The police decision to mete out a one-year conditional warning hasn’t gone down well with Ms Baey. Depending on which lawyer you speak to, you will have differing views on whether this is a rare action on the part of the authorities which have thrown the book at other first-time voyeurs in the past. Beyond the authorities, no one knows how the decision is made and whether there were extenuating circumstances which led them to give Mr Lim a slap on the wrist. The discussion so far has been one-sided, with Ms Baey giving her account on Instagram and to media, and Mr Lim staying out of sight.

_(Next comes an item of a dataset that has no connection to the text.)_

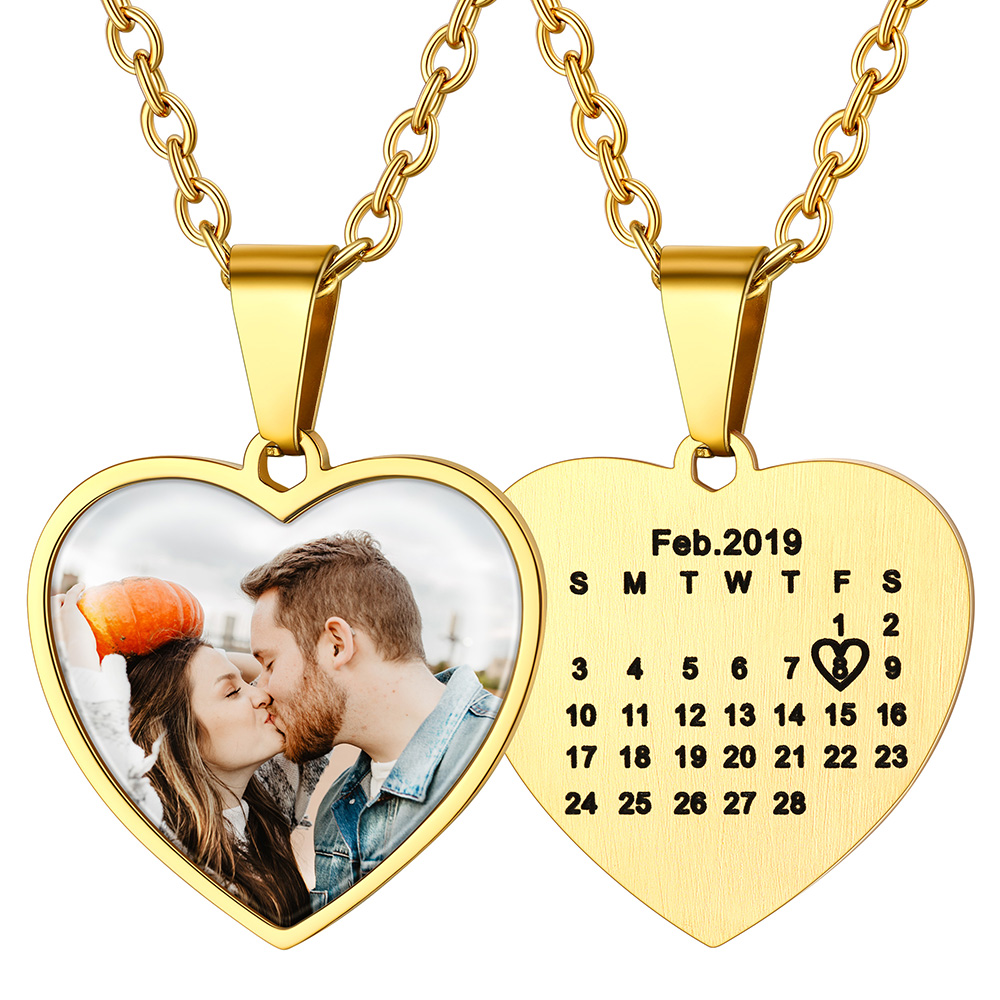 Collier Cœur avec Photo et Calendrier Gravé Personnalisé Or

The university, sticking with protocol, started its own disciplinary proceedings after the police investigation was concluded. No one knows too how it decides on the sanctions although it has maintained that it has its own framework to refer to. You can only surmise that the “slap on the wrist’’ played a part in the decision to suspend him for a semester (which undergraduates will say is more like taking a leave-of-absence), instead of the ultimate penalty of expulsion. Its bid to have Mr Lim write a letter of apology to Ms Baey has backfired. It looked like it was written by a very bad PR firm.

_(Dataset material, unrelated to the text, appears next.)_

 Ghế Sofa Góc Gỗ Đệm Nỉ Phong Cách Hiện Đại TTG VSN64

As someone who has been working with undergraduates over the past six years, I know that the university prefers to take a rehabilitative rather than a punitive approach to miscreants. My private sector instincts to “sack” or give a student a failing grade have always been met with consternation by other academics. I have been told too many times that the subjects are young people, bright people, who always deserve a second chance or even a third. Contrary to what undergraduates think, it’s harder to fail a student than to award the student a distinction.

In the field of behavior, it seems a similar concept is applied. A suspension is deemed a heavy punishment because it delays the process of getting a full degree. Except that these days, unless students belong to households pressed for money, the suspension might well be viewed as a “gap’’ year for them to take a break from studies. I gather that this is one reason undergraduates view Mr Lim’s suspension with such misgivings.

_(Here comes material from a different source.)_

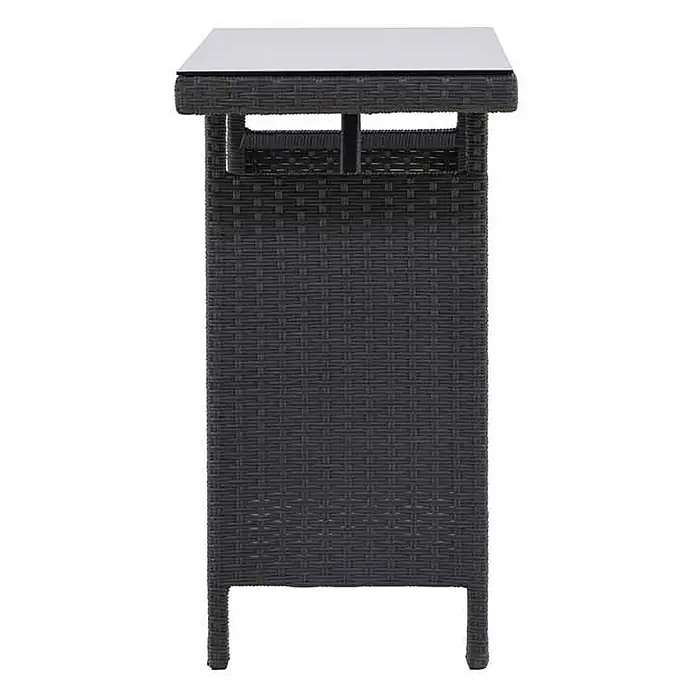 Ebuy24 Garten-Beistelltisch Padova - L x B x H: 40 x 120 x 74 cm, Korbmöbel, Stapelbar, Sonstige, Schwarz - Dunkelgrauer Bartisch in Rattan-Optik mit heller Glasplatte.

What is more unsettling is what NUS vice-provost (Student Life) Florence Ling told The Straits Times about the university’s policy on sexual misconduct. You have to be a repeat sexual offender to be expelled.

“For first-time offenders, because we are an educational institution, we want to give the students a chance. Student offenders who appear before the Board of Discipline for the first time are given a range of punishments, but not immediate expulsion,” she said.

It makes me wonder if NUS disclosed this “two-strikes and you’re out’’ policy because it believed that this would assure the public that the university is a safe place.

But just hours later, the university said it was reviewing this two strikes policy. NUS President Tan Eng Chye said: “NUS will take a hard stand on offences that impact the safety of our students. We must make our campus safe and supportive for all members of our community.”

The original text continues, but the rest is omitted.